WHAT THE EXERCISE ASKS: Write the data out in full and word for word. Do not include images.

GIVEN INFORMATION:
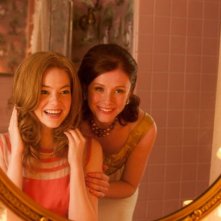 Bryce Dallas Howard si specchia insieme a Emma Stone in una scena del film The Help
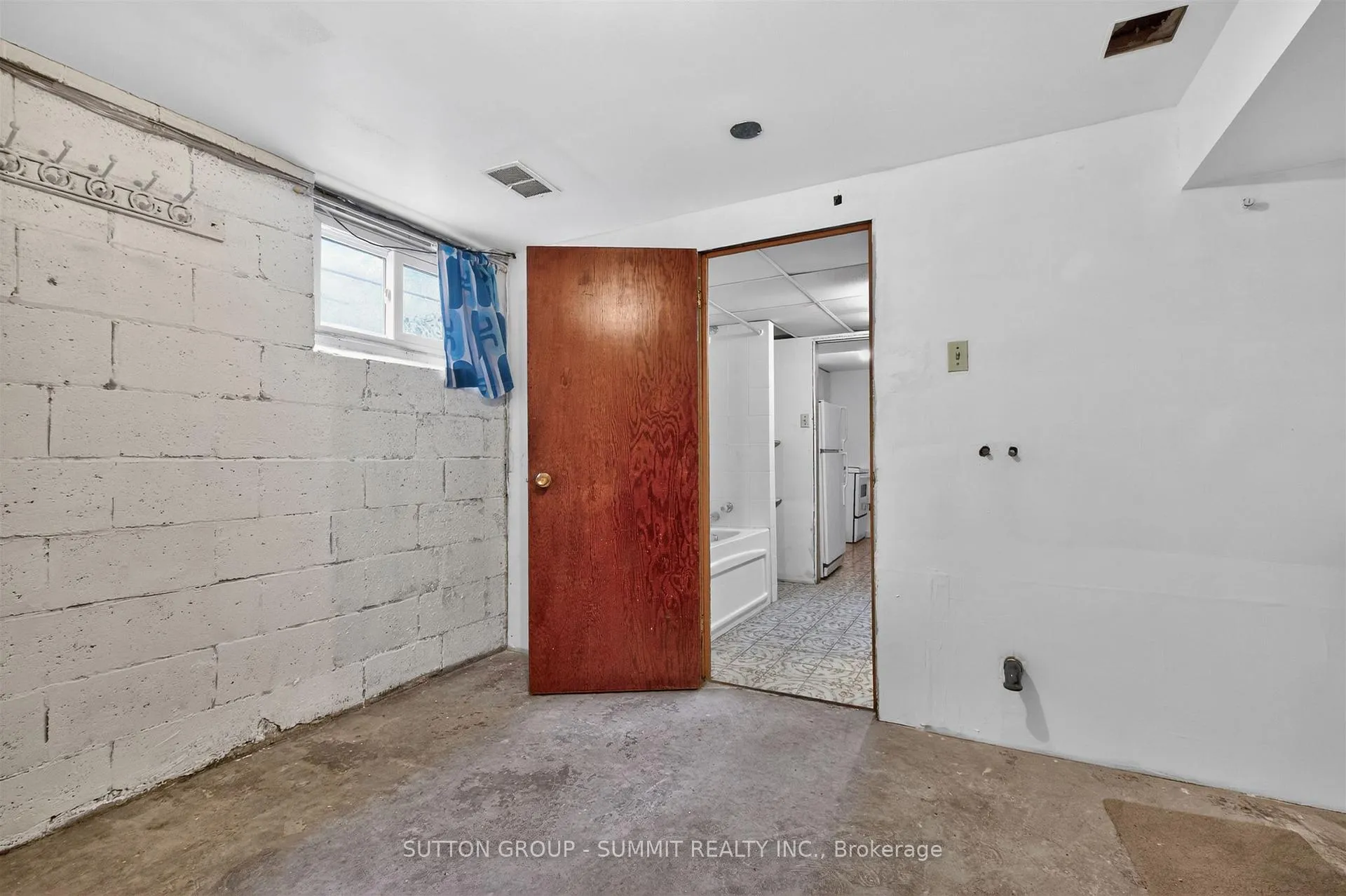 Photo 42 of 51 Barrhead Crescent, Etobicoke, Rexdale-Kipling — HOMEH
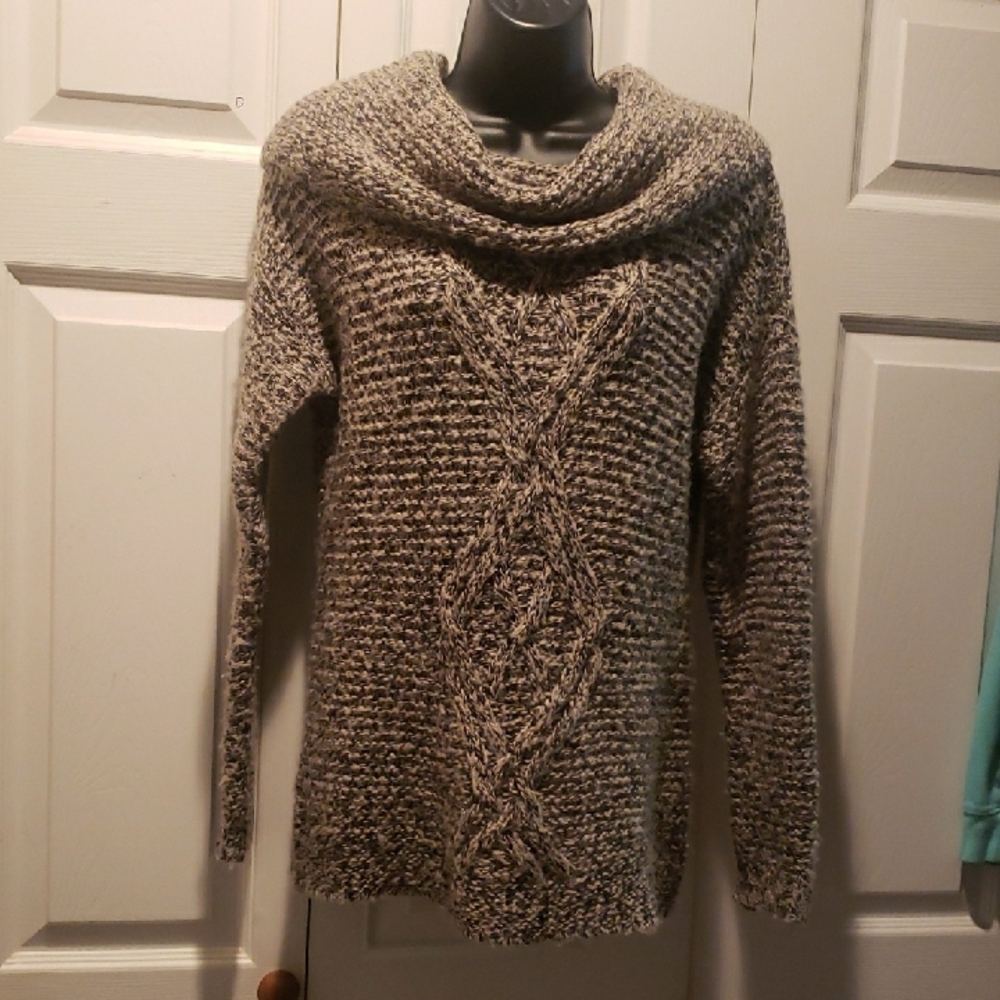 Chic Cable Knit Sweater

OUTPUT OF THE EXERCISE:
 Bryce Dallas Howard si specchia insieme a Emma Stone in una scena del film The Help
 Photo 42 of 51 Barrhead Crescent, Etobicoke, Rexdale-Kipling — HOMEH
 Chic Cable Knit Sweater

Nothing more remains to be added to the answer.